Retype the listing exactly as it stands, and keep every image out.

**Given material:**
*-*-*

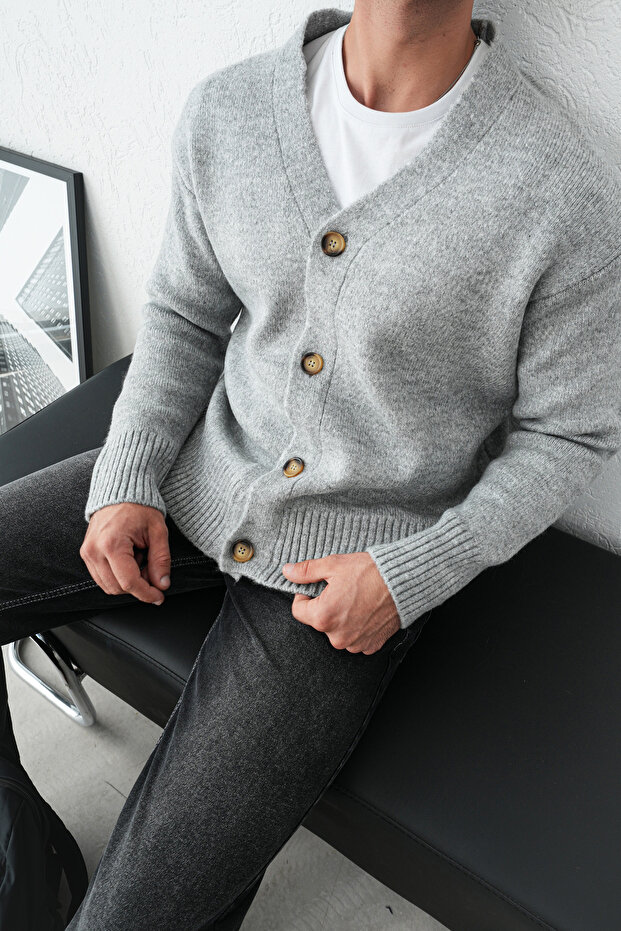 Düğmeli Oversize Hırka - 2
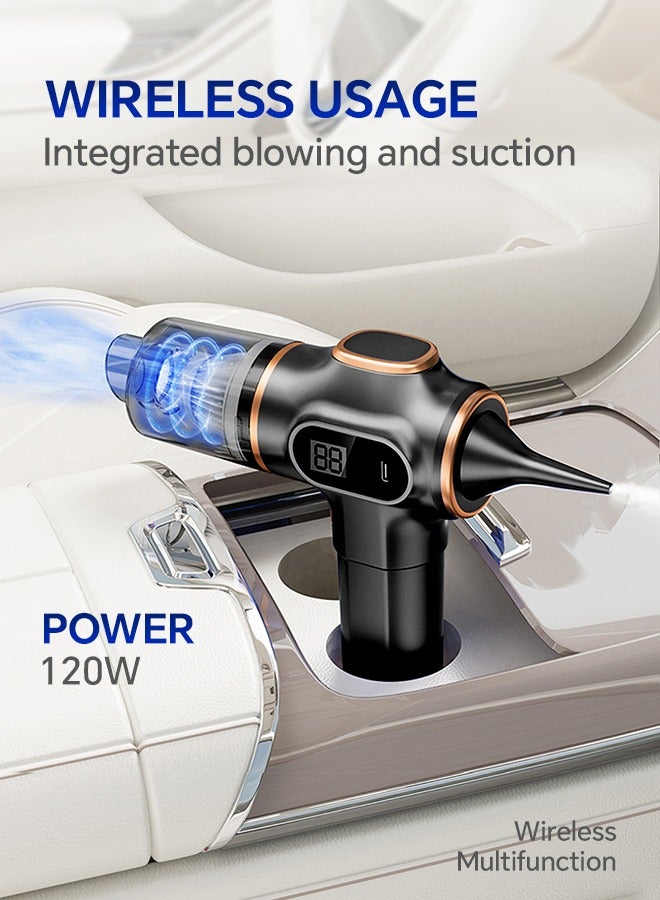 Generic 2 in 1 Air Duster / Compressed Air Duster Rechargeable Handheld Vacuum Cordless Keyboard Cleaner Air Blower Car Vacuum Cleaner for Compute/Car/House  - Image 2
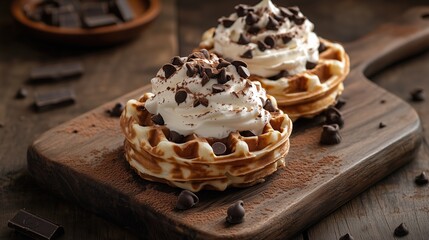 Stacked waffles are adorned with a generous layer of whipped cream and sprinkled with chocolate chips and cocoa. The warm, inviting atmosphere adds to the dessert's appeal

*-*-*

**Task response:**
 Düğmeli Oversize Hırka - 2
 Generic 2 in 1 Air Duster / Compressed Air Duster Rechargeable Handheld Vacuum Cordless Keyboard Cleaner Air Blower Car Vacuum Cleaner for Compute/Car/House  - Image 2
 Stacked waffles are adorned with a generous layer of whipped cream and sprinkled with chocolate chips and cocoa. The warm, inviting atmosphere adds to the dessert's appeal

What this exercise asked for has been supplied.